> _Task description_: From the line that contains "Vero Moda –" down to the final line below, please repeat each line exactly and nothing more, with no pictures.

> _Exercise data_:
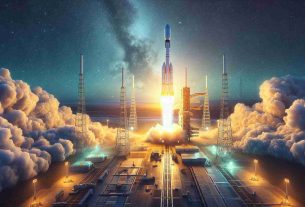 High-definition, realistic illustration of a new generation satellite communication network launched by a private aerospace manufacturer and space transportation company. Show the scene in vivid detail, with the rocket surging up into the brilliantly lit sky, trailing a column of white smoke. Capture the logistics and infrastructure involved in the process on the ground, including launch pads, support staff, and intricate machinery. Evening measurements should apply for the scene to strike an appropriate balance between the radiating sunshine and the awakening stars.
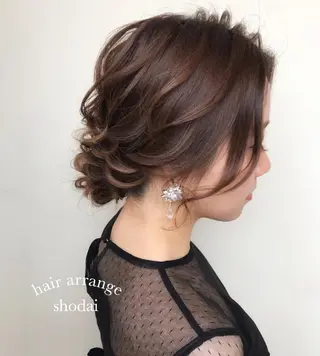 ロング カラー ヘアアレンジ ハイライト、レイヤー カット/西梅田/中西のヘアスタイル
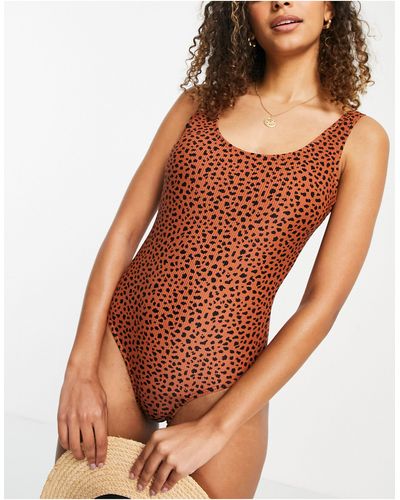 Vero Moda – badeanzug mit geparden-print - Orange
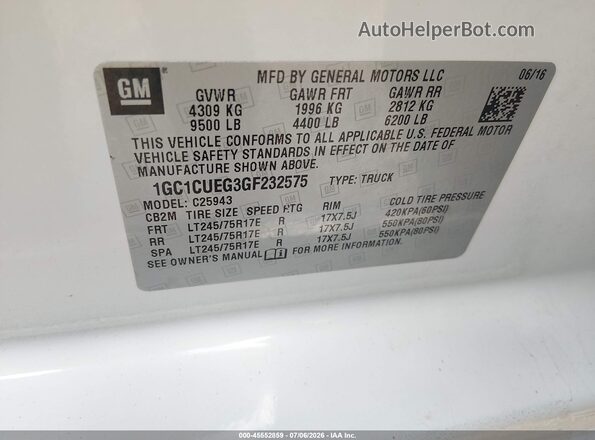 1GC1CUEG3GF232575 2016 CHEVROLET SILVERADO White Vista del compartimento del motor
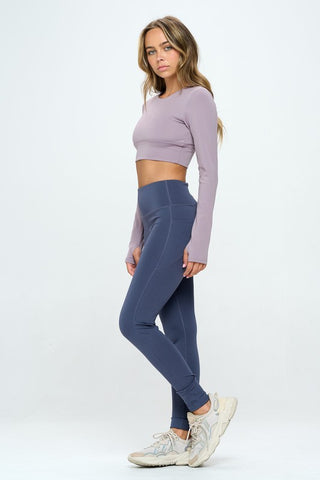 Hot Girl Revive Long Sleeve Open Back Top And Leggings Two Toned  Activewear Set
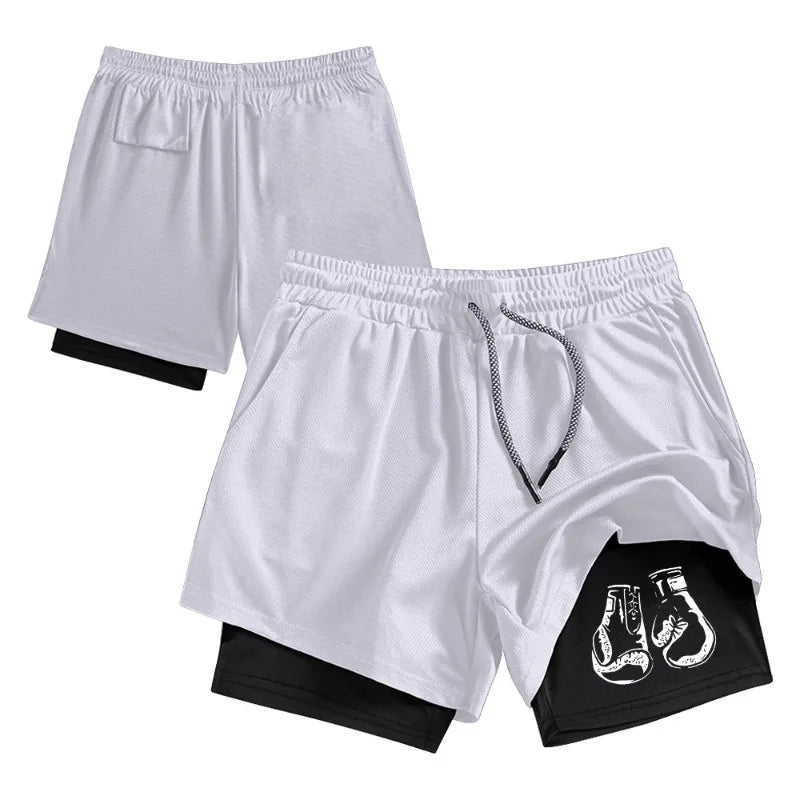Pantalones cortos de running para hombre de doble capa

> _Your solution_:
 Vero Moda – badeanzug mit geparden-print - Orange
 1GC1CUEG3GF232575 2016 CHEVROLET SILVERADO White Vista del compartimento del motor
 Hot Girl Revive Long Sleeve Open Back Top And Leggings Two Toned  Activewear Set
Pantalones cortos de running para hombre de doble capa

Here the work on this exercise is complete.